Skylight was bred by the Gloucestershire-based Swiss rider and judge Christian Landolt. By Jumbo, she was out of the Mayhill mare Kiwi Girl and owned by Christopher Jenkin for much of her competitive career.
She started eventing with Britain-based French rider Leonard Goerens, who competed her up to two-star level. She joined Georgie in 2008 and the pair won on their first run together, an open novice at Stilemans. They were part of the gold medal-winning British team and finished 14th individually at the young rider Europeans at Kreuth that season.
The following year the pair were fourth in the CIC3* at Burnham Market, fifth in the under-25 CCI3* at Bramham and 15th at the young rider Europeans at Waregem, competing as individuals this time.
After one more season with Georgie, Skylight spent 2010 with junior Jonny Betteridge, winning an open novice under-18 qualifier at Purston Manor.

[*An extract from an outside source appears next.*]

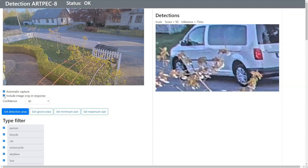So you see two checkboxes: automatic capture, which will have the web page continuously do capturing on its own — you can turn that off. You can also decide if a cropped image should be included in the response, because you may be using this for use cases that don't require the image but only need the location of the detected object.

She then spent three more years with another under-18, Amelia Walker, competing at BE100 and open novice under-18 level.
Skylight was a grade one elite mare with British Eventing (BE), with 298 BE points, and is the third highest ranked mare by Jumbo, after Headley Britannia and Allercombe Ellie.
“She retired last year from eventing and came to live out her years with me as a broodmare on Exmoor with my other advanced mare Highley Sprung,” said Catherine Rye. “Sadly she didn’t live to pass on her amazing legacy — mares like this come along once in a decade.”